Hani siz Suriye ve Mısır’daki yandaşlarınıza milyon dolarlarla yardım etmiştiniz ya… Hani siz Suriyeli muhalefeti nasıl beslemiştiniz ya… Silahlar ve lojistik destekle palazlandırmıştınız ya…

Hani, işte, yani… Bu kaygan, bu at izinin it izine karıştığı coğrafyada, birileri de….. Hani yani birileri de…..

Unutmayın dış politikada dostluk yoktur beyler… Siz de Esad’la dosttunuz bir zamanlar…
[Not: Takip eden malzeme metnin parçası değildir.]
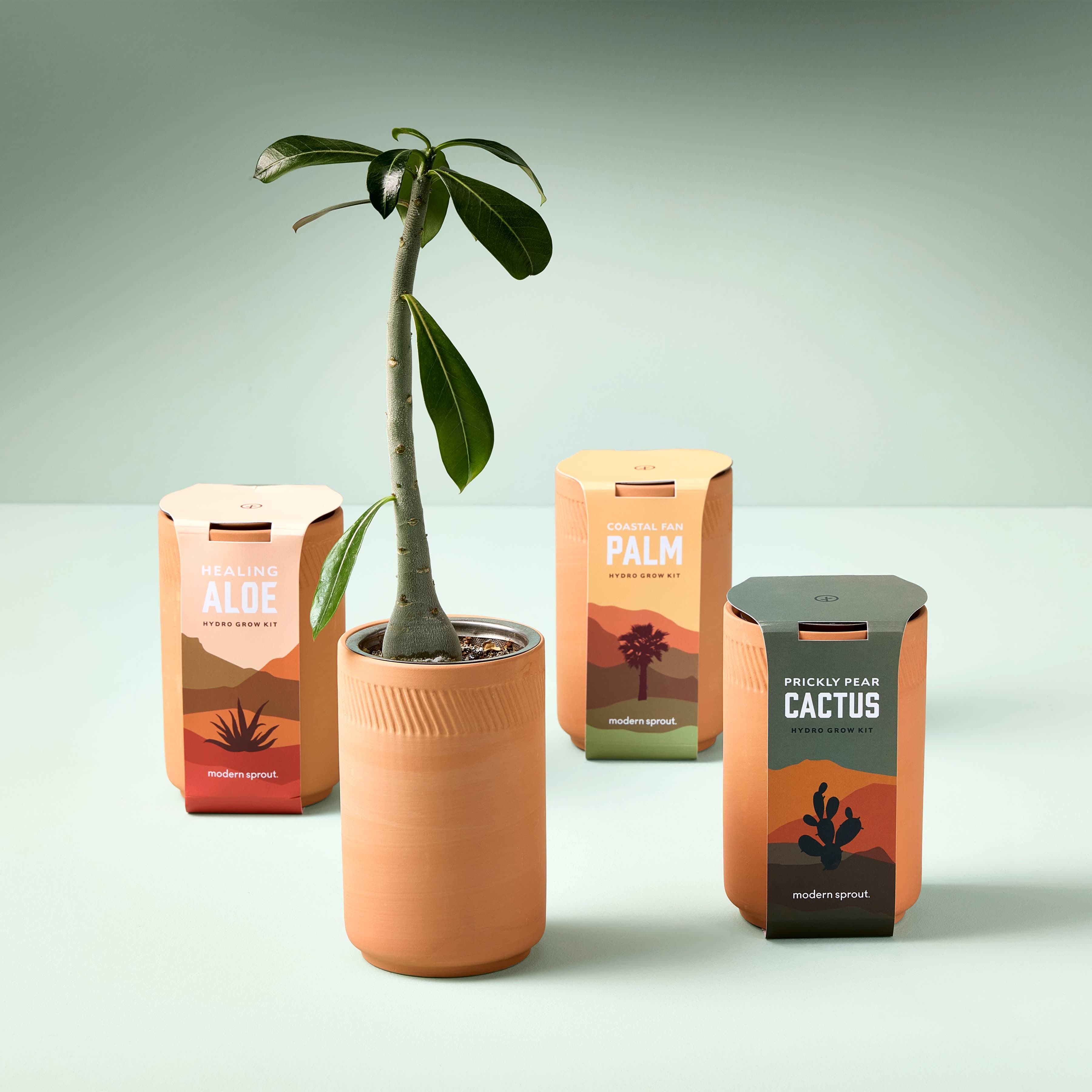 The Plant Social Terracotta Grow Kit available in Joshua Tree at JT Trading Post
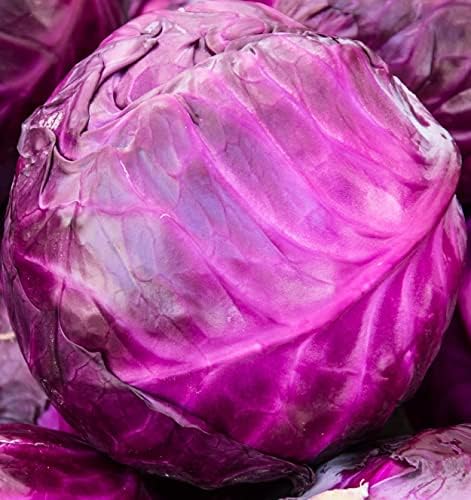 Red Acre Cabbage Seeds for Planting – Plant & Grow Heirloom Red Acre Cabbage in Home Outdoor Vegetable Garden, Brassica oleracea VAR. capitata– 2 Packets by Axel%27s+Garden+Seeds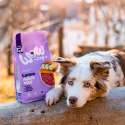 WOW DOG MINI Lamm - z jagnięciną, batatami i cukinią dla psów małych ras (1kg)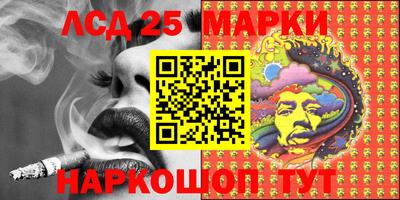 индика Сланцы
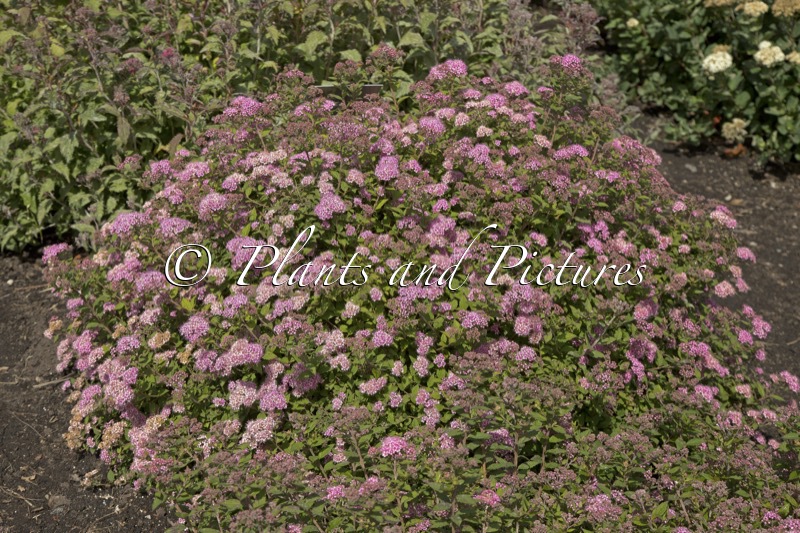 Spiraea japonica ‘Newport Dwarf’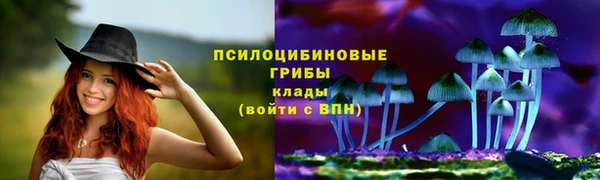 таблы Богородск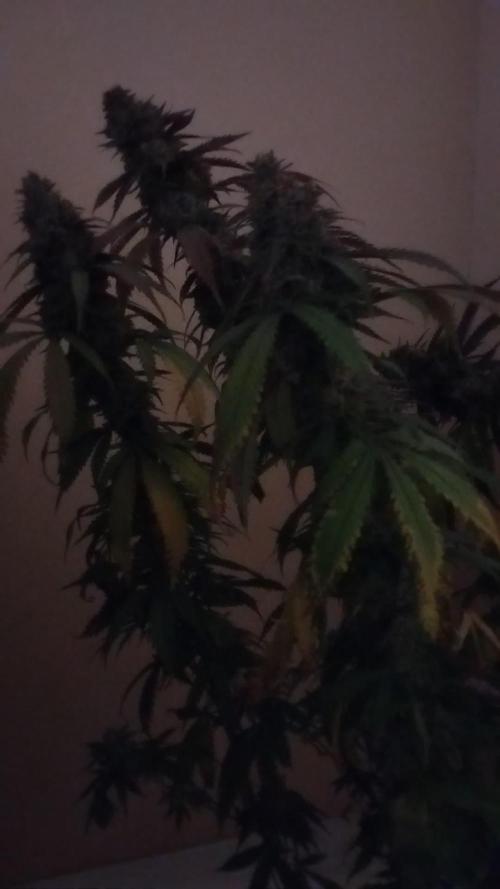 1 Gallon Drip Irrigation Organic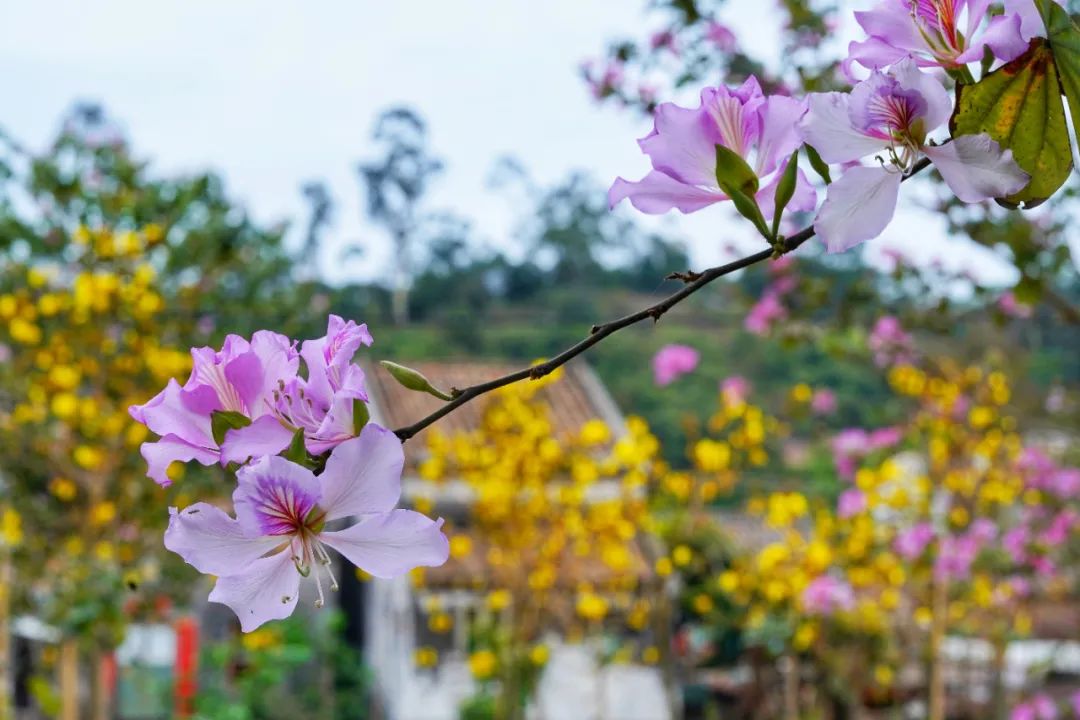 答應我～這次要來斗門蓮洲看花!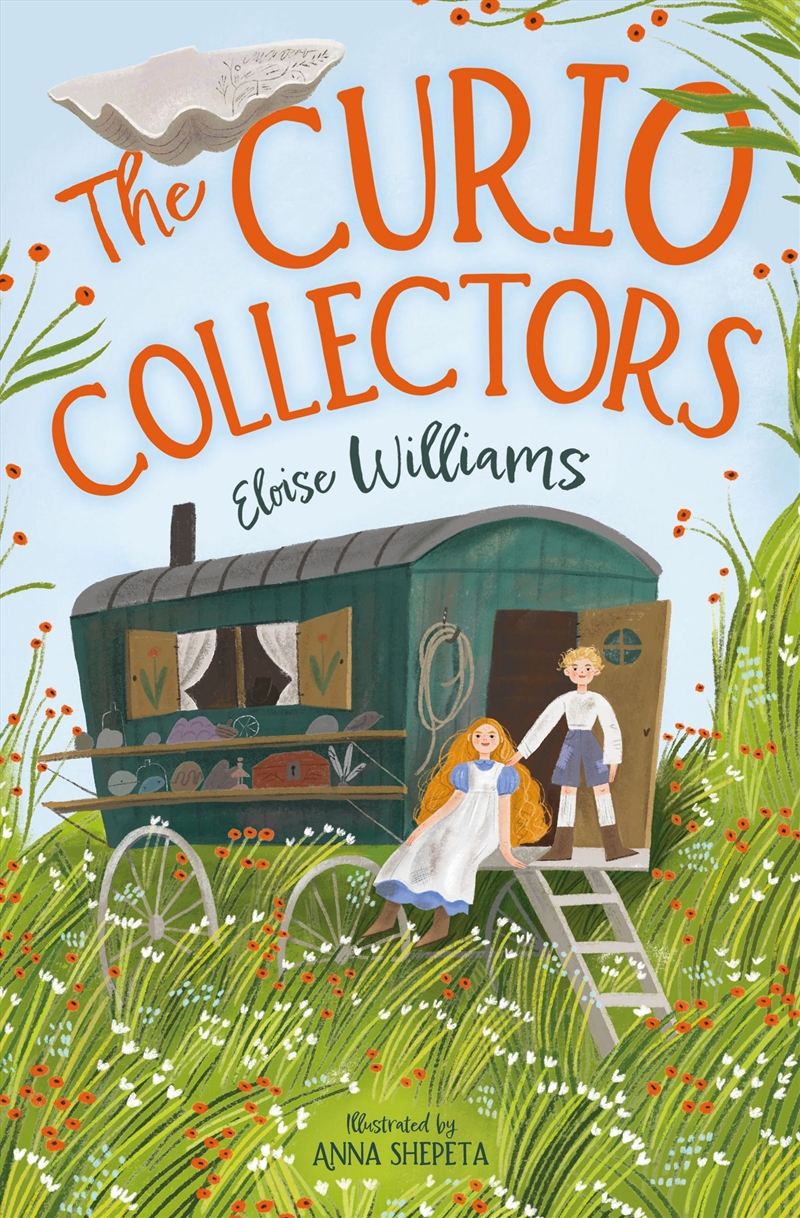 The Curio Collectors/Product Detail/Childrens Fiction Books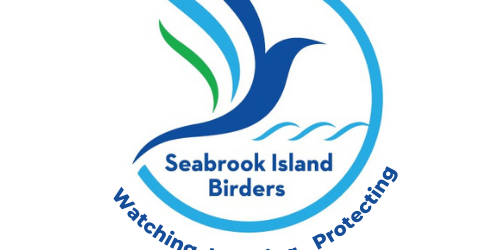 Seabrook Island Birders Spreads Its Wings
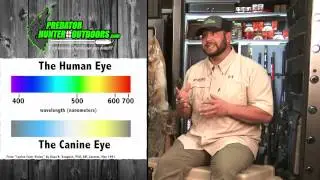 Night Hunting Tip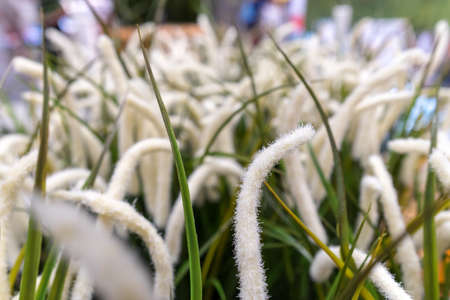 White and green artifical grass with shallow DOF, blurred backgroundの写真素材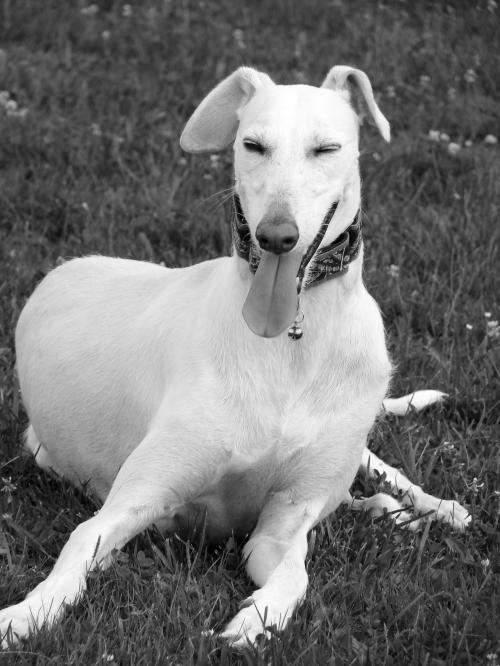 Galgo Espanol - Neka - Page 2 Dsc0157515ebx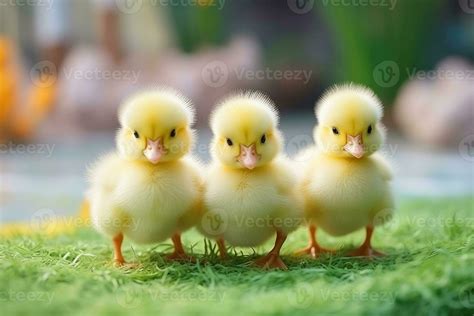 Cute fluffy duckling on green grass outdoors. Generative AI 28290437 Stock Photo at Vecteezy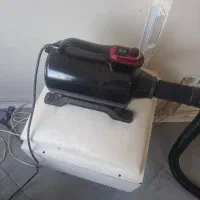 سشوارسگ وگربه
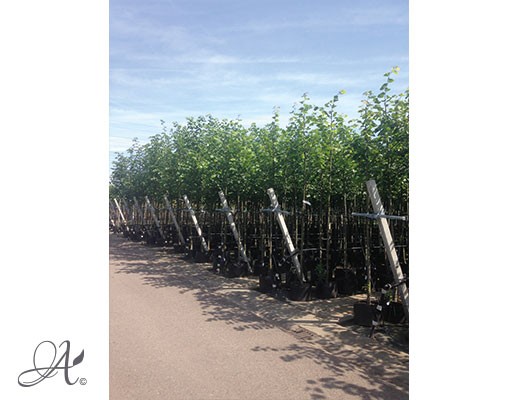 Tilia Coradat ‘Greenspire’ - tree seedlings in containers 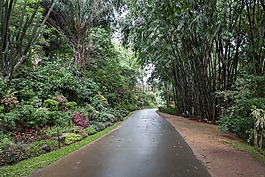 竹,公園,景觀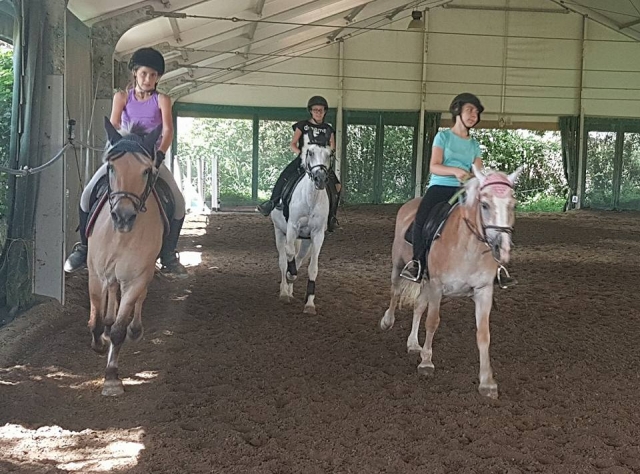  马术中心的课程 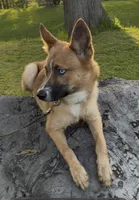 Crush, a male Pomsky for sale in Albany, NY – 2 of 6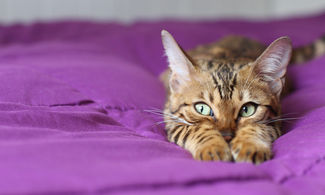 A Teramo un museo dedicato al felino più amato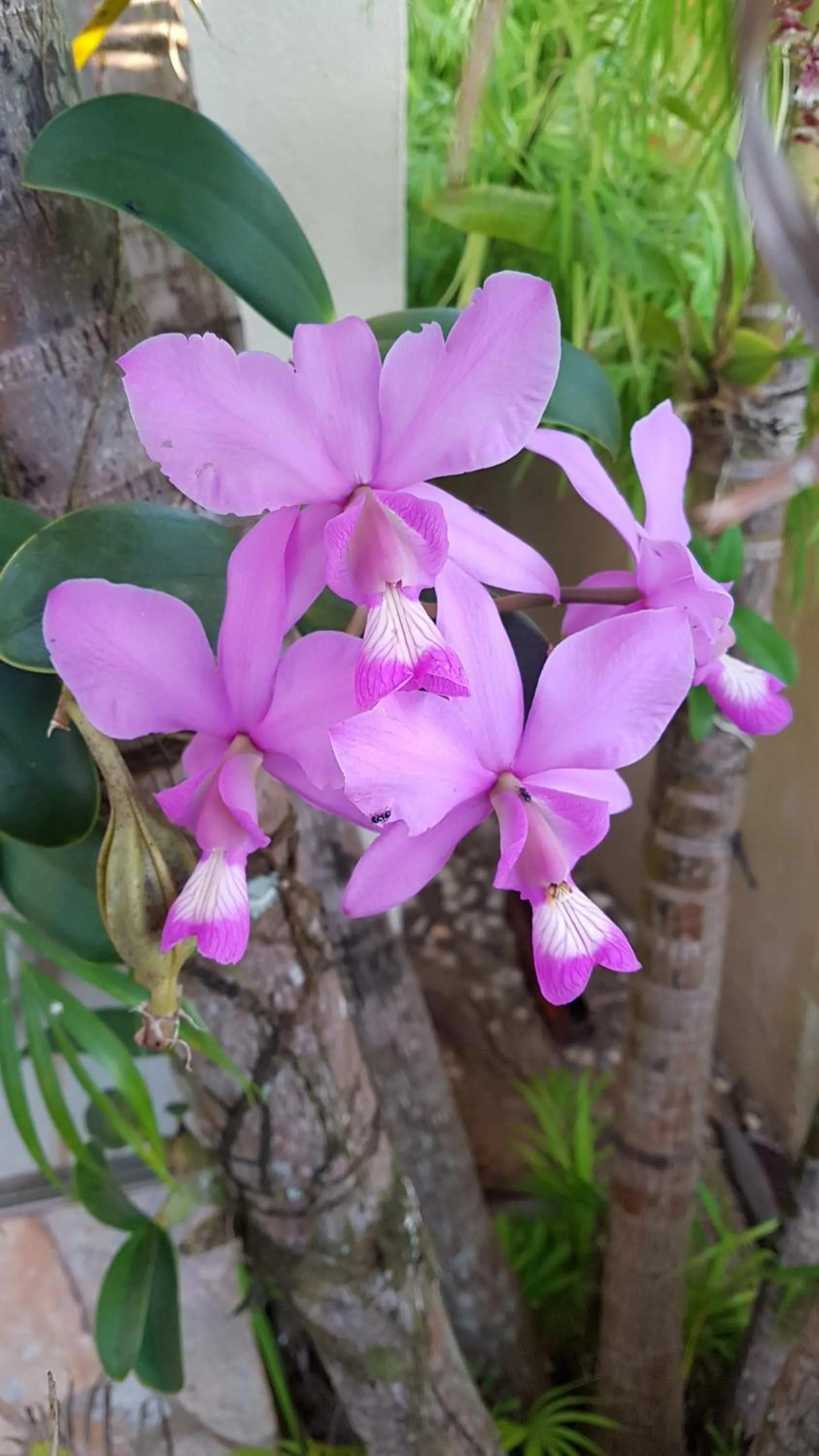 Garden in Pousada das Orquídeas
Aman sakın denemeyin bu yolu… Kırdırmayın halkı birbirine… Sakın… O çok güvendiğiniz sözüm ona yüzde elli içinde de insanlığını yitirmemiş nice kişi var?... Şimdilik suskunlar… İçlerinden söyleniyorlar şimdilik ya da en yakınlarıyla paylaşıyorlar dertlerini. “Bu kadarı da olmaz” diye homurdanmaya başladılar çoktan…

Ürkek ve korkaktır halkımızın çoğu. Güce de tapar korkusundan ve çıkar kaygısında… Ama biriktirir de öfkeyi bir yandan, biriktirir...  

Duyuyor musunuz?... Duyuyor musunuz ha?... Duyuyor musunuz homurtuları?... Hayır, gücünüz sandığınız kadar değil beyler!... Değil…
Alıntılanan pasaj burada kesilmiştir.